:: WORK TASK ::
Nothing but the exact text of the entries should appear in your answer; pictures stay out.

***** DATA *****

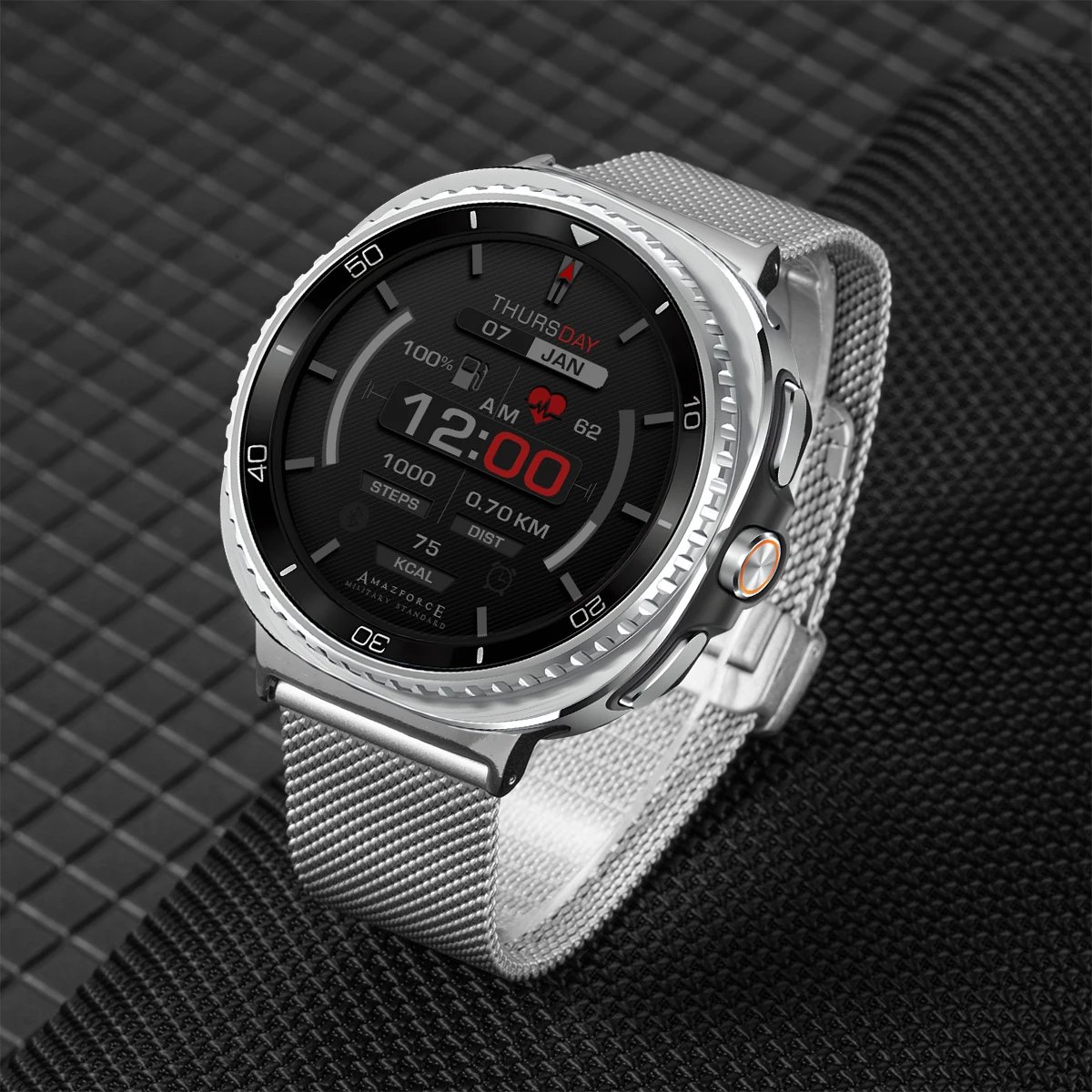 Фото Миланский ремешок с магнитной пряжкой для Samsung Galaxy Watch8 classic 46 мм 8, 40 мм, 44 мм, металлический ремешок для Galaxy watch ultra 2025 47 мм №2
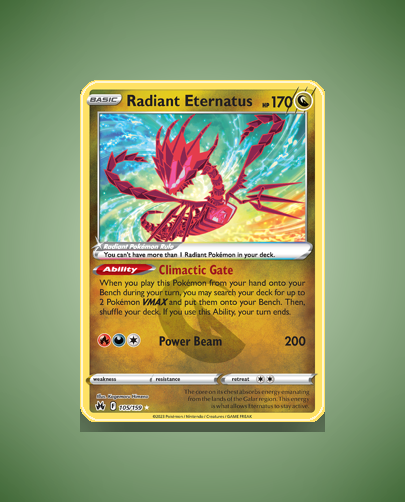 Radiant Eternatus (Crown Zenith) #105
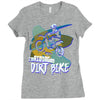 motorbike, love riding my dirtbike 1 Ladies Fitted T-Shirt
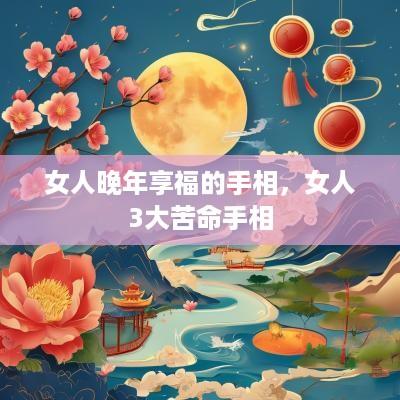 女人晚年享福的手相，女人3大苦命手相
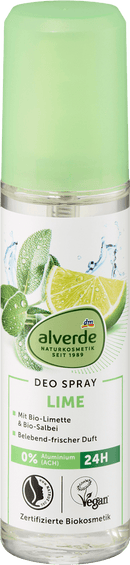 alverde NATURKOSMETIK Deospray Lime, 75 ml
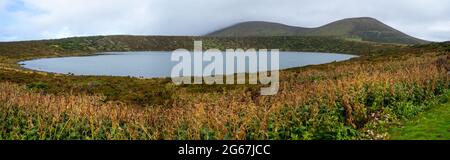 Lagoa Rasa, Flores Island, Azoren Stockfoto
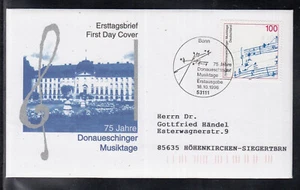 BRD 1996 FDC/Brief rs. Beschr.  - 75 Jahre Donaueschinger Musiktage - Picture 1 of 2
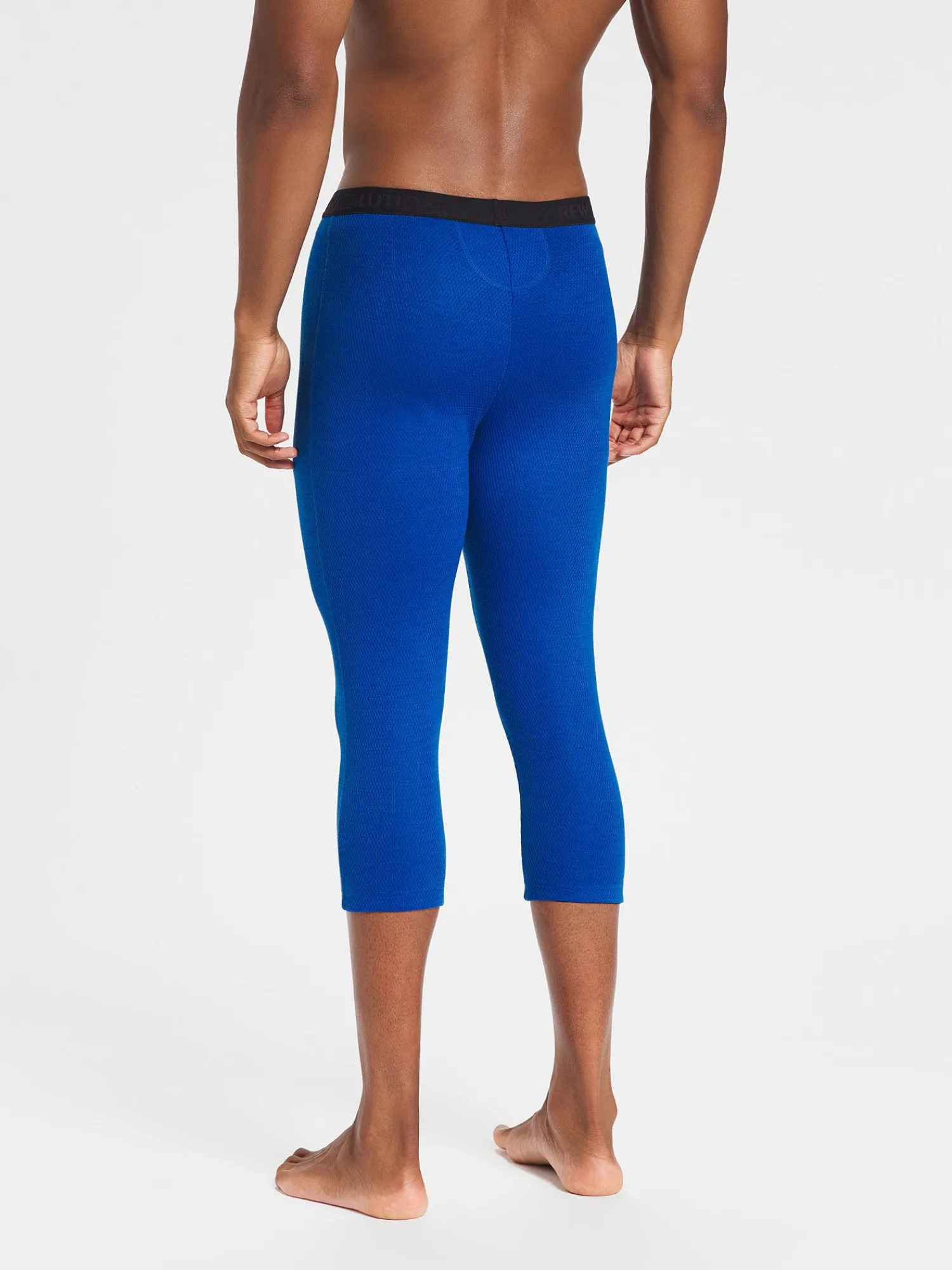 Hot Rewoolution ALAMAK - leggings in merino mesh 180 gr per uomo in colore blu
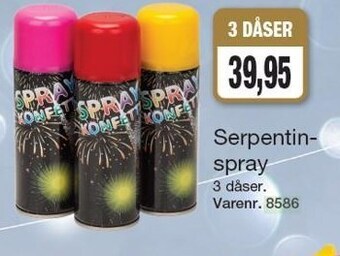 Harald Nyborg Serpentinspray tilbud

*****

:: FINISHED TASK ::
 Фото Миланский ремешок с магнитной пряжкой для Samsung Galaxy Watch8 classic 46 мм 8, 40 мм, 44 мм, металлический ремешок для Galaxy watch ultra 2025 47 мм №2
 Radiant Eternatus (Crown Zenith) #105
 motorbike, love riding my dirtbike 1 Ladies Fitted T-Shirt
 女人晚年享福的手相，女人3大苦命手相
 alverde NATURKOSMETIK Deospray Lime, 75 ml
 Lagoa Rasa, Flores Island, Azoren Stockfoto
 BRD 1996 FDC/Brief rs. Beschr.  - 75 Jahre Donaueschinger Musiktage - Picture 1 of 2
 Hot Rewoolution ALAMAK - leggings in merino mesh 180 gr per uomo in colore blu
 Harald Nyborg Serpentinspray tilbud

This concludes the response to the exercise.